A recent Sunday New York Times article brought this to the fore with the heart-rending story of 24-year old Richard Fee, a bright, energetic young pre-med student whose legal prescriptions led to a downward spiral of delusion, anger, depression and suicide.
It’s not the first, and it won’t be the last of such cases. College students can easily get their hands on all kinds of serious prescription medications these days, trading what they find in their parents’ bathroom cabinets like baseball cards. What appalls me is that the pills that cut short this young life are ruining so many others, are distributed and sanctioned by the medical community, based on “diagnostic tests” that are so loose they would be laughable if the results weren’t so dire.
The culprits are Big Pharma, which has found a new, multi-billion dollar market for stimulants since adult ADHD has been recognized.
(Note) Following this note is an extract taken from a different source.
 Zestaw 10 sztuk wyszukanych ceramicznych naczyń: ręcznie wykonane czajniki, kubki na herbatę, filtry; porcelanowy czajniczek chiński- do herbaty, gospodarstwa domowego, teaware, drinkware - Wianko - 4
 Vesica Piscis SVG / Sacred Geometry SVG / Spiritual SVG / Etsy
The harried practitioners who rely on little more than a questionnaire to make a diagnosis and teachers who are doing their best to control a class of 35 or more students. We’re turning all kinds of individual traits into medical conditions, and doctors, be they psychiatrists or family health practitioners, only seem to know how to treat them as such.
That means a prescription. Give someone a hammer and they’re going to view everything as a nail. Detailed diagnoses and long term treatment just don’t pay, and our microwave culture demands the short-cut solution of a pill, despite that research is only just beginning to show the harmful, long-term results of stimulant use in individuals, with or without ADHD.
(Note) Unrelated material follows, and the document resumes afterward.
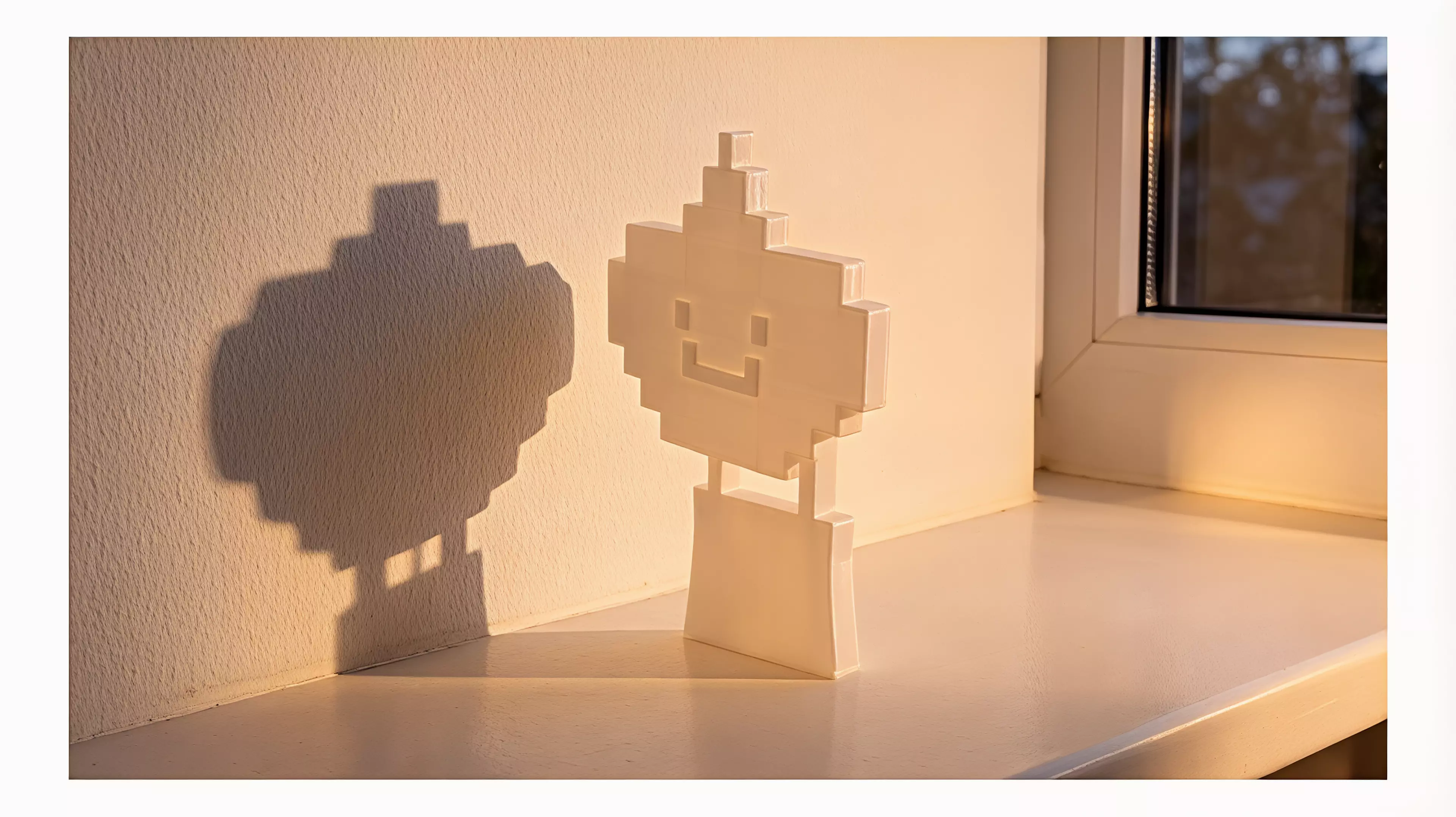 A two-part printable cupcake whose lifted frosting transforms its wall shadow into a hot-air balloon.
Layer onto this the tremendous amount of advertising dollars that are being poured into promoting stimulant treatments for adults. Adult ADHD has only recently become a thing, but now it is a cause célèbre, with hugely popular figures like rock star Adam Levine making ADHD public service announcements about “owning it.” Mr. Levine says nothing about taking medication, although it’s implied, and there’s merit in his message, to be sure. The fact is that the ad is paid for by Shire, which makes Vyvanse, another prescription treatment for ADHD that’s aggressively trying to take market share from Ritalin. They are entitled, of course, but it’s putting a glamorous face on ADHD treatment that may be having the opposite effect of what was intended.
Look, I’m not saying that in severe cases medication for ADHD is not indicated, but do 1 in 12 kids really have ADHD? What’s needed is a drastic shift in the way we diagnose, view and handle ADHD. Like everything else, it exists along a continuum from 1 to 10. At the 9 and 10 and 10+ extreme, it may well require meds, but for those lower on the scale we need to mandate the inherent advantages of the trait. A love of multi-tasking, resilience, high energy, willingness to take risks, outgoing, optimistic and doing well in times of turmoil are just a few of the many positives that may be seen with this trait.
We must understand that the restlessness and inattention of the trait is often a result of being bored easily with routine. This is not a bad thing unless we insist on defining and making a routine, structured life for everyone mandatory. Some of our greatest business leaders are phenomenal multi-taskers – Jetblue founder David Neeleman, Cisco CEO John Chambers, Virgin mogul Sir Richard Branson – have embraced their ADHD and refused to medicate their uniqueness. Imagine the loss to our culture and economy if these extraordinary individuals had suppressed their restless energy with a pill!
Imagine some of the great things a bright young man like Richard Lee, and the countless other young people whose lives are being destroyed or compromised, could have accomplished if meds were viewed not as a panacea, but rather as a treatment of last resort.